On July 10, 1956, after just five incursions, the Soviets delivered their first protest note about the flights and Eisenhower ordered their immediate suspension. However, those missions had generated a vast amount of intelligence, revealing for the first time many aspects of Soviet military and industrial capability. During a meeting on July 19, and despite pleas to the President from the CIA’s Director of Central Intelligence (DCI), Allen Dulles, that Aquatone should be allowed to continue such overflights on the basis that the quality of intelligence gained far outweighed any potential damage to international relations, Eisenhower remained resolute and the ban stood – at least for the immediate future.

On August 16, 1956, the DCI’s Special Assistant for Planning and Coordination, Dr Richard Bissell, convened a meeting with Kelly Johnson and a number of prominent scientists – the meeting’s objective was to agree on a plan to develop some form of “electronic camouflage” that would render the U‑2 invisible to Soviet radars, thereby addressing Eisenhower’s concerns.

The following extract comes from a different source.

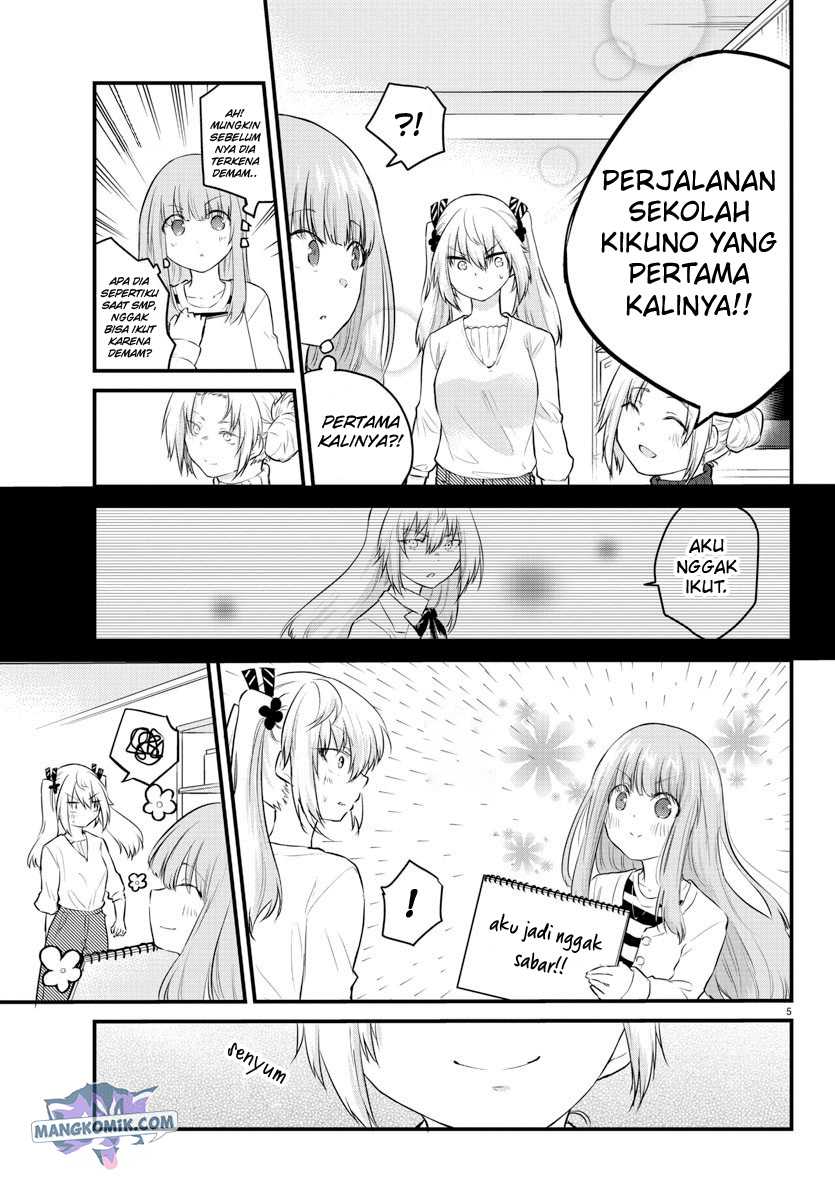 Koe ga Dasenai Shoujo wa "Kanojo ga Yasashisugiru" to Omotteiru Chapter 67 - halaman 7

The meeting lasted into the early hours and resumed again at 0700hrs the next day, and by midday they had devised a program to apply radar‑canceling devices to a U‑2, codename Project Rainbow. It was the first attempt to make an operational aircraft “stealthy.” Dr Edwin Land, of the Massachusetts Institute of Technology (MIT), chaired the project and via Marshall Holloway, Director of the MIT Lincoln Laboratory, in Lexington, Massachusetts, recruited a small number of radar experts into the program. They were based in a secure building on the roof of the Lincoln Laboratory and included Frank Rodgers, associate head of the Radar Division.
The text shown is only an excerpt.